** Opening Records for the exercise block **

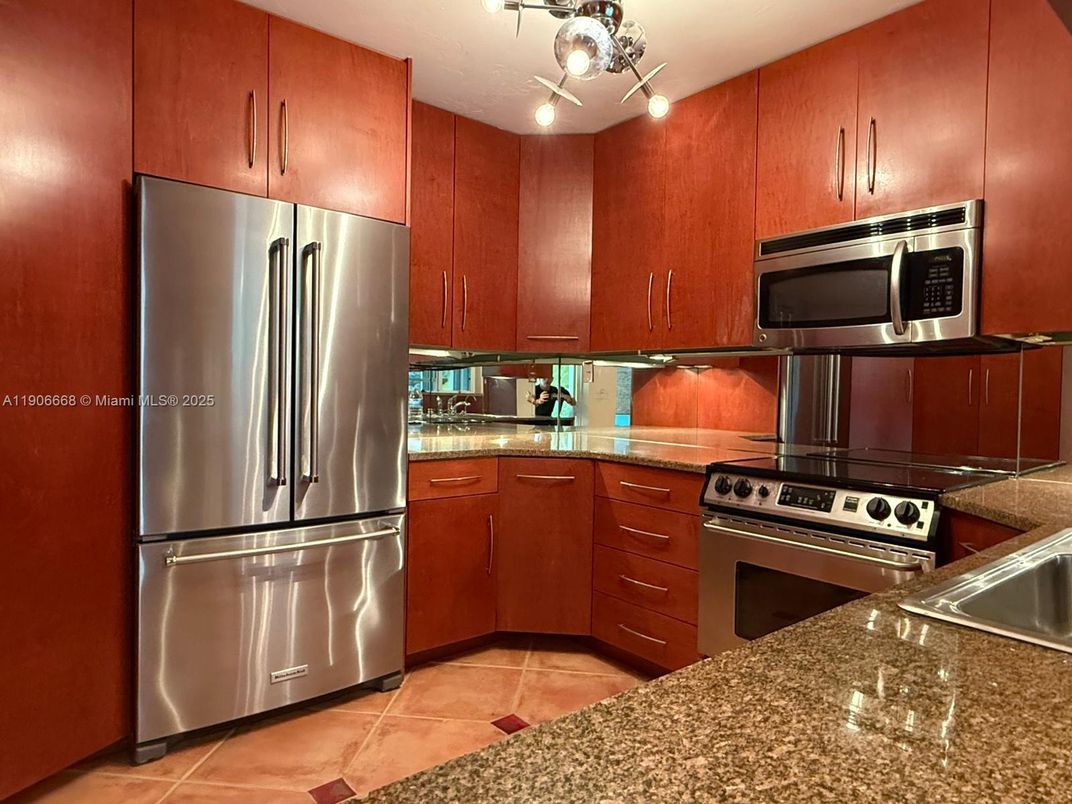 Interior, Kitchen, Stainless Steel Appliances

** Closing Records for the exercise block **
** Opening Records for the exercise block **

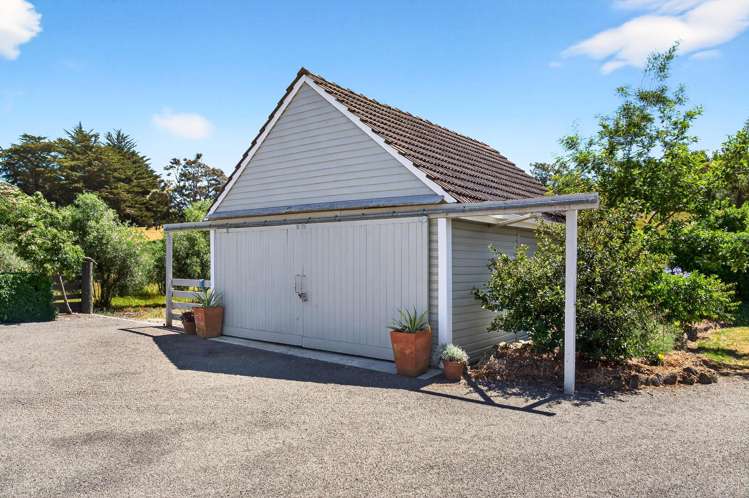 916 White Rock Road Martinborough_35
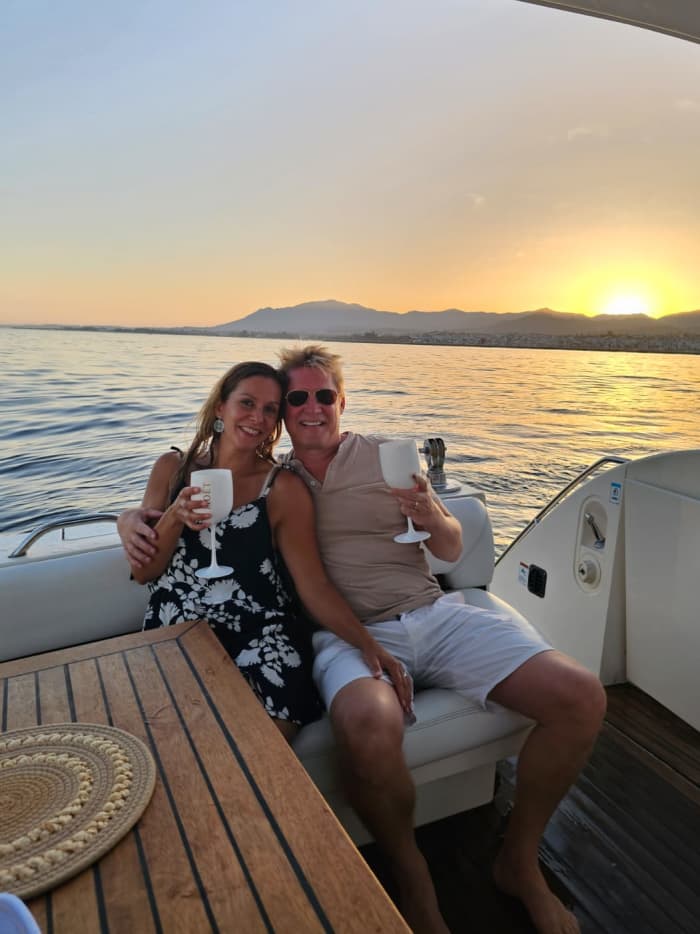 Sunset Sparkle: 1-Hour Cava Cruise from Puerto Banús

** Closing Records for the exercise block **

When you reach the line with "916 White Rock Road Martinborough_35" in the records above, begin repeating the lines exactly, and stop after the line with "Sunset Sparkle: 1-Hour". Skip all pictures.

## Problem solution
 916 White Rock Road Martinborough_35
 Sunset Sparkle: 1-Hour Cava Cruise from Puerto Banús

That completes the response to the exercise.